■ **Activity**
Your reply should repeat, exactly, the line containing "Патриарх Московский и Всея Руси Кирилл. Архивное фото Патриарх" and the rest of the material after it.

■ **Records**
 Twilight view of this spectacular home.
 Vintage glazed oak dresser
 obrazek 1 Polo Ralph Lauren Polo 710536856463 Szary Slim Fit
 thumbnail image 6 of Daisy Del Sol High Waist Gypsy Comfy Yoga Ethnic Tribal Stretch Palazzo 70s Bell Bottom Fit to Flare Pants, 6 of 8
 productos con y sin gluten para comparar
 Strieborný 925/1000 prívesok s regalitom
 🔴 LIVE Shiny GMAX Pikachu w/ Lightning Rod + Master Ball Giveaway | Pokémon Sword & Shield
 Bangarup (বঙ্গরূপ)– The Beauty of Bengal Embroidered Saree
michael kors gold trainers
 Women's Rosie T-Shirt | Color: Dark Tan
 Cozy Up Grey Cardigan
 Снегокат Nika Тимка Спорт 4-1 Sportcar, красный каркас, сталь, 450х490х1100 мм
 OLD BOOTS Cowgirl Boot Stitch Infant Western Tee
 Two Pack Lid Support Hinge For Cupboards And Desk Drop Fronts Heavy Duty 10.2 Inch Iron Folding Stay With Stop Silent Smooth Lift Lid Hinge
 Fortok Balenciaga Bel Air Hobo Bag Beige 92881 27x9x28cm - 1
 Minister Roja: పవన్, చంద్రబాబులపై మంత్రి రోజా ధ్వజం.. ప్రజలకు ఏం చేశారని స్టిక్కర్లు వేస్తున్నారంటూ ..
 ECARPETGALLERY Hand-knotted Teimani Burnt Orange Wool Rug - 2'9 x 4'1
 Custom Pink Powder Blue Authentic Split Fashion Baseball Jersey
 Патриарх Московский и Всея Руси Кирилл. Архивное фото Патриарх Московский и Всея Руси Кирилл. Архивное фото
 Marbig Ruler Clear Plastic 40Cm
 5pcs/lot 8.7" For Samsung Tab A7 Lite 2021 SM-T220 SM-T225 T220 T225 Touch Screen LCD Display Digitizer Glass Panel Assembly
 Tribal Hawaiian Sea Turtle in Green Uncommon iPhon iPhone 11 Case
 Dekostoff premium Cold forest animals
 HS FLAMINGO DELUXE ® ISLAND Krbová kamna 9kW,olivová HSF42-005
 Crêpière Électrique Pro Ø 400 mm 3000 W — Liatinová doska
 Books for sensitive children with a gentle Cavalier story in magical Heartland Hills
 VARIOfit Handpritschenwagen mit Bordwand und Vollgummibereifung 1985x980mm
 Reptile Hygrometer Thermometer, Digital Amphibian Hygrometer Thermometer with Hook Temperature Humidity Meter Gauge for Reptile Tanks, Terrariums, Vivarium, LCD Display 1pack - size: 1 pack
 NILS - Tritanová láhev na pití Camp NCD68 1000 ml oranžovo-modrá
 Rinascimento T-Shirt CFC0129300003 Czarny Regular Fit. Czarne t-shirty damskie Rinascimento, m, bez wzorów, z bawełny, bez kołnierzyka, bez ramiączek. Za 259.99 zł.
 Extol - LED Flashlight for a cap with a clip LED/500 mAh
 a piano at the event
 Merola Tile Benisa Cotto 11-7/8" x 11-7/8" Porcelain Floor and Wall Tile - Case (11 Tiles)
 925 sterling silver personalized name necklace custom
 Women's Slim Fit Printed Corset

■ **Answer space**
 Патриарх Московский и Всея Руси Кирилл. Архивное фото Патриарх Московский и Всея Руси Кирилл. Архивное фото
 Marbig Ruler Clear Plastic 40Cm
 5pcs/lot 8.7" For Samsung Tab A7 Lite 2021 SM-T220 SM-T225 T220 T225 Touch Screen LCD Display Digitizer Glass Panel Assembly
 Tribal Hawaiian Sea Turtle in Green Uncommon iPhon iPhone 11 Case
 Dekostoff premium Cold forest animals
 HS FLAMINGO DELUXE ® ISLAND Krbová kamna 9kW,olivová HSF42-005
 Crêpière Électrique Pro Ø 400 mm 3000 W — Liatinová doska
 Books for sensitive children with a gentle Cavalier story in magical Heartland Hills
 VARIOfit Handpritschenwagen mit Bordwand und Vollgummibereifung 1985x980mm
 Reptile Hygrometer Thermometer, Digital Amphibian Hygrometer Thermometer with Hook Temperature Humidity Meter Gauge for Reptile Tanks, Terrariums, Vivarium, LCD Display 1pack - size: 1 pack
 NILS - Tritanová láhev na pití Camp NCD68 1000 ml oranžovo-modrá
 Rinascimento T-Shirt CFC0129300003 Czarny Regular Fit. Czarne t-shirty damskie Rinascimento, m, bez wzorów, z bawełny, bez kołnierzyka, bez ramiączek. Za 259.99 zł.
 Extol - LED Flashlight for a cap with a clip LED/500 mAh
 a piano at the event
 Merola Tile Benisa Cotto 11-7/8" x 11-7/8" Porcelain Floor and Wall Tile - Case (11 Tiles)
 925 sterling silver personalized name necklace custom
 Women's Slim Fit Printed Corset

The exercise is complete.